Il «fattore I» e gli esami di ammissione da superare
27/02/2017 - Non si può costruire il futuro su debito e deficit»: l’avvertimento, l’ennesimo, non arriva da Wolfgang Schäuble, l’iper-ortodosso ministro delle Finanze tedesco, ma da Jean-Claude Juncker, il presidente della Commissione Ue che, più dell’arcigno guardiano del patto di stabilità, incarna l’abile interprete della flessibilità delle sue regole. Destinatari del messaggio, i soliti noti: Italia, Belgio, Grecia, tutti Paesi dove «la crescita va migliorata».
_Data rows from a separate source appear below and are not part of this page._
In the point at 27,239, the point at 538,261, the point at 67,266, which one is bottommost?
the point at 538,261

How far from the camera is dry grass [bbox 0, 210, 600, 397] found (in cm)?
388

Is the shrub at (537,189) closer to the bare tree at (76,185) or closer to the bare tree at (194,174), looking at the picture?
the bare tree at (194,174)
A furia di incassare reprimende a ripetizione da Bruxelles, si rischia di diventarne immuni o, più semplicemente, di rispedirle al mittente tra ribellismo più o meno confessato e un allineamento riluttante che nei fatti si traduce in impegni troppo spesso sottodimensionati rispetto alle promesse.
Si va avanti così da anni. Peccato che nel frattempo l’Italia dentro l’eurozona sia andata indietro: se cresce, lo fa a un tasso che è la metà della media dei partner, quest’anno nell’Unione a 28, che per la prima volta cresce senza eccezioni, sarà l’unico Paese a non superare l’1%. Calo di produttività, emorragia di competitività, riforme lente e non sempre incisive, debito altissimo, banche fragili, montagne di crediti deteriorati…
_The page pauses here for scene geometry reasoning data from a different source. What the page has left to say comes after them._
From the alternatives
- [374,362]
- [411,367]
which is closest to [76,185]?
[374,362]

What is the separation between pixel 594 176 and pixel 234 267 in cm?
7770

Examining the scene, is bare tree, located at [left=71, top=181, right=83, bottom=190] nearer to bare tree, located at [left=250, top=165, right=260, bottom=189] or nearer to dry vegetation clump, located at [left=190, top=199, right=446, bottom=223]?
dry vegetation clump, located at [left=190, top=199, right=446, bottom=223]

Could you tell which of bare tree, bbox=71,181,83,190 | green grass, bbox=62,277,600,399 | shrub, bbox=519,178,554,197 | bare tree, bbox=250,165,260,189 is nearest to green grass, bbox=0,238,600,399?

C’è un problema italiano in Europa, anche se si tende a parlare molto di più di quello greco: un po’ perché è più impellente e un po’ perché fa meno paura di un’eventuale crisi della terza economia dell'euro.
Ma il problema c’è, irrisolto e innegabilmente aggravato dalla prospettiva di un’instabilità politica incontrollata, che si somma a quella economico-finanziaria-sociale, dove il ritorno al proporzionale sembra fatto apposta per frantumare il quadro riportando il Paese nell’incubo dell’ingovernabilità. Che è il grande incubo attuale dell’Europa, in pieno clima elettorale dalle prospettive dovunque molto incerte.
Il premier Paolo Gentiloni invita a serrare le fila, a garantire l’operatività del Governo. Quindi, implicitamente, a evitare a tutti i costi le elezioni anticipate. Perché sono un lusso che, in questo momento, il Paese non si può permettere.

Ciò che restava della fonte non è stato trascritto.